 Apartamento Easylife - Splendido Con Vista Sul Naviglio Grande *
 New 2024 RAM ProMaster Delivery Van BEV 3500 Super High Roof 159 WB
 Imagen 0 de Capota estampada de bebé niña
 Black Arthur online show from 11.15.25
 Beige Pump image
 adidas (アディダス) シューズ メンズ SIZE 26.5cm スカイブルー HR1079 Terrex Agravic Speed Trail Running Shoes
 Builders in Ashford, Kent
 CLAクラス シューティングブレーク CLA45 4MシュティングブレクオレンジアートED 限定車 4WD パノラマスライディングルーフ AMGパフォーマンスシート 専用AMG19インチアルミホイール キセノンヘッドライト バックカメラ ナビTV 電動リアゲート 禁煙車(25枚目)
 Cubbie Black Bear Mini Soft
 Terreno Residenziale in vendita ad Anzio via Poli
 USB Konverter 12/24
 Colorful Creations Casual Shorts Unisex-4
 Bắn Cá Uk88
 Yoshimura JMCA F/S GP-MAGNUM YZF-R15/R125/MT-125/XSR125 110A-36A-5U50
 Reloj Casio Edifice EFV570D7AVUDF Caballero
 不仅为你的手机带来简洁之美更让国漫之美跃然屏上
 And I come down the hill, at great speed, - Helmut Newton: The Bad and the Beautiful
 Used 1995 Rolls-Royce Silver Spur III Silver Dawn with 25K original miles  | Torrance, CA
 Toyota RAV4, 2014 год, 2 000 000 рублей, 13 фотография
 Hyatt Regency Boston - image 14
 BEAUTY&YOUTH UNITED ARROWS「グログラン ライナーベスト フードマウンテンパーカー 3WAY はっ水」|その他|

▶ _TASK GOAL_:
In the listing, how many lines carry the string "Black"? Answer with a number only.

▶ _YOUR RESPONSE_:
2